Audi Maserati (Biographic note)

There are few things more certain in this life than, given the opportunity, when adventure is to be had there will always be takers for the proposition. In a small, but I feel, interesting way, I have dipped a toe or two in the pond of the counter culture.

As I write this I am at a stage in my life when dreams are longer and more languid than when I was young and soaking in Kerouac and Ginsberg. And though I never met him, I miss him every day,
stringing daisy chains and barefoot and hair rising from my head uncontrolled and writing poetry because it seemed to go with the pictures in my head.

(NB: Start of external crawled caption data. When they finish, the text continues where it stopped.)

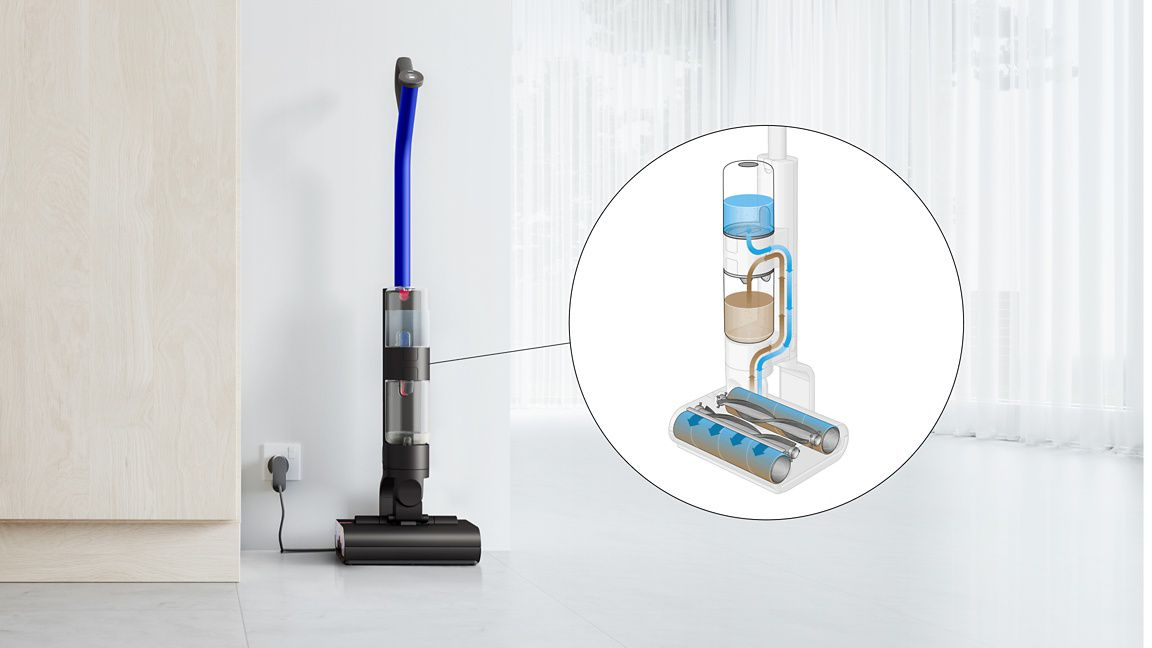 Repülőgép-szimulátor joystick és gázkar kék égbolton, felhőkkel.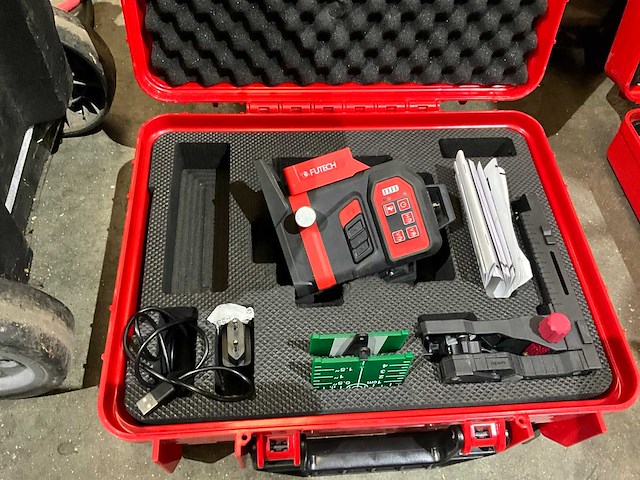 Futech multicross 3d 18vmax bouwlaser - afbeelding 2 van  3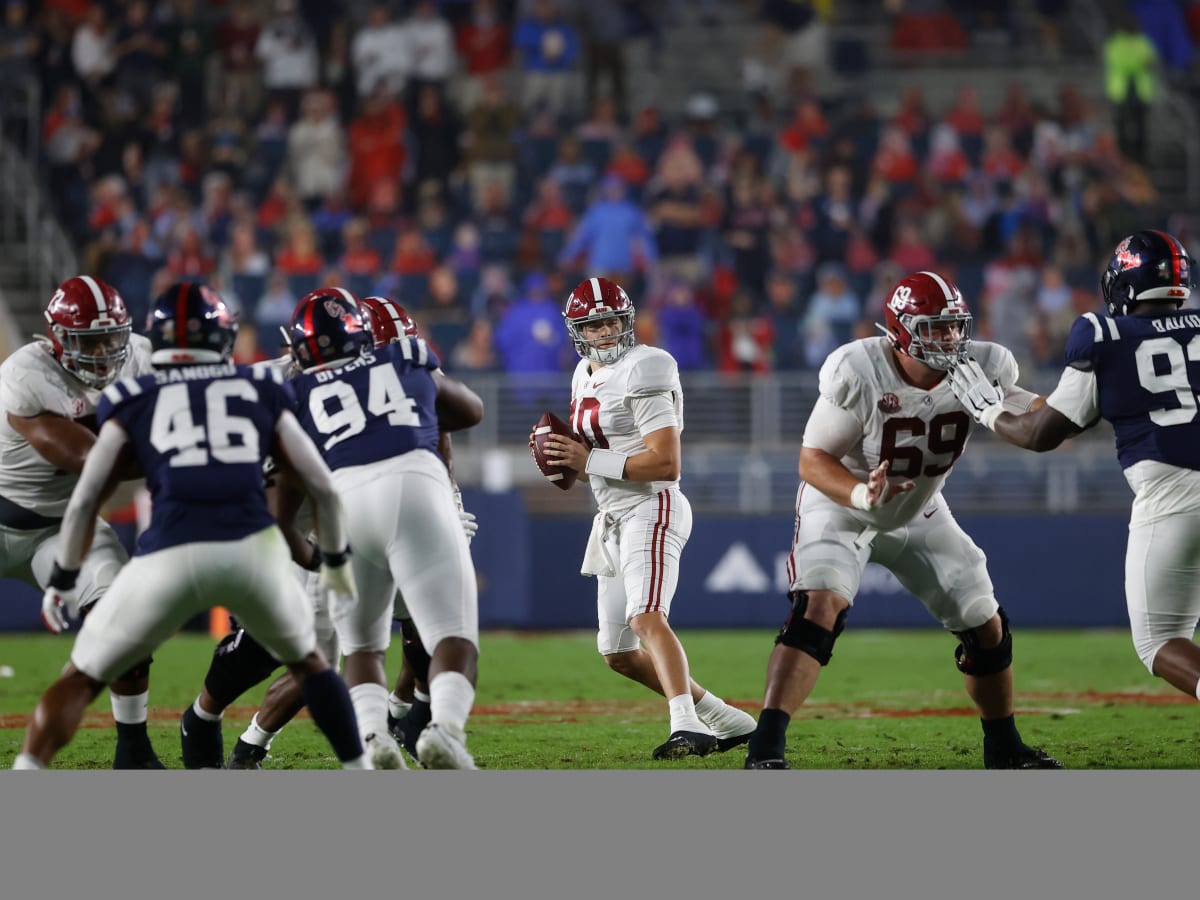 Mac Jones' Iron Bowl debut a mixture of good and bad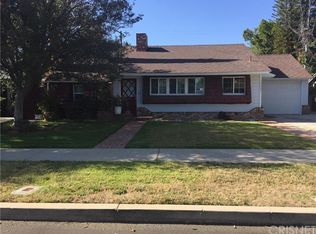 17537 Blythe St, Northridge, CA 91325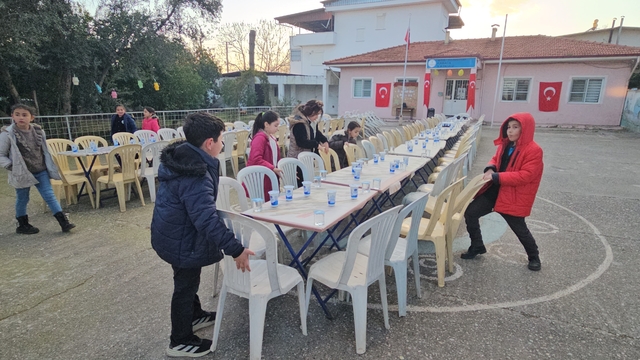 Öğrenciler, velileri ile iftarda buluştu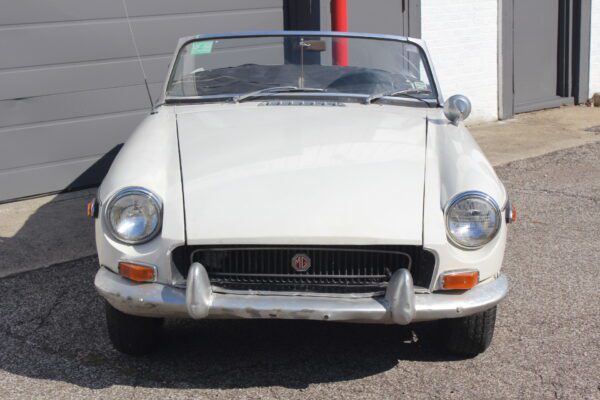 1963 MGB Roadster - Image 7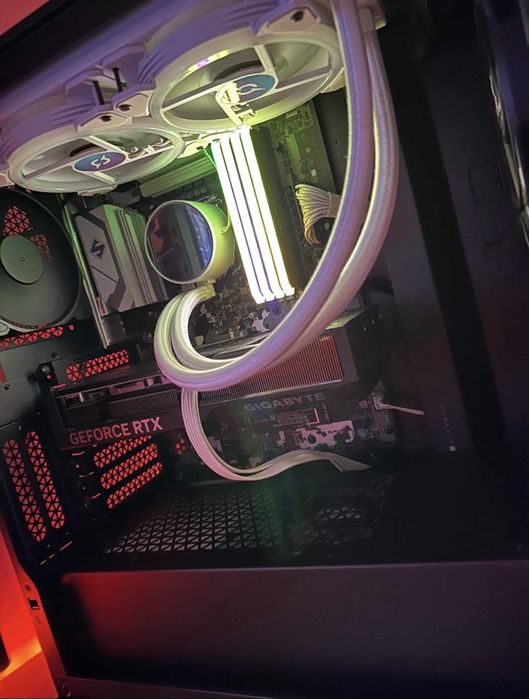 GIGABYTE GeForce RTX 4070 WindForce OC 12GB GDDR6X 192-bit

Sunshine and clothes smelling of the salt sea and ideas and like minds and exchange and growing stronger and spouting poetry and listening and getting excited because it felt like something was happening that had happened before but this was our time and it was happening to us.

When people are passionate about what they do, that passion is a bond between them, and even if they are diametrically opposed in everything else, that passion will unite them. That is the situation that Steven Ericsson-Zenith and myself walked into when we started to trek to Falmouth Poetry group who knows how long ago.

Long time and memory plays tricks to trip me up these days but I don't think it matters about the details just that for a pair of working-class poets it was a planet not often visited and a journey well worth the effort.

I met a lot of poets and painters around Cornwall and made a lot of friends who made my life richer and I hope I added to their experiences too and contributed to some solid happiness here and there because that's what being a poet is about in my view.

It is about making some kind of contribution to the general understanding of "stuff."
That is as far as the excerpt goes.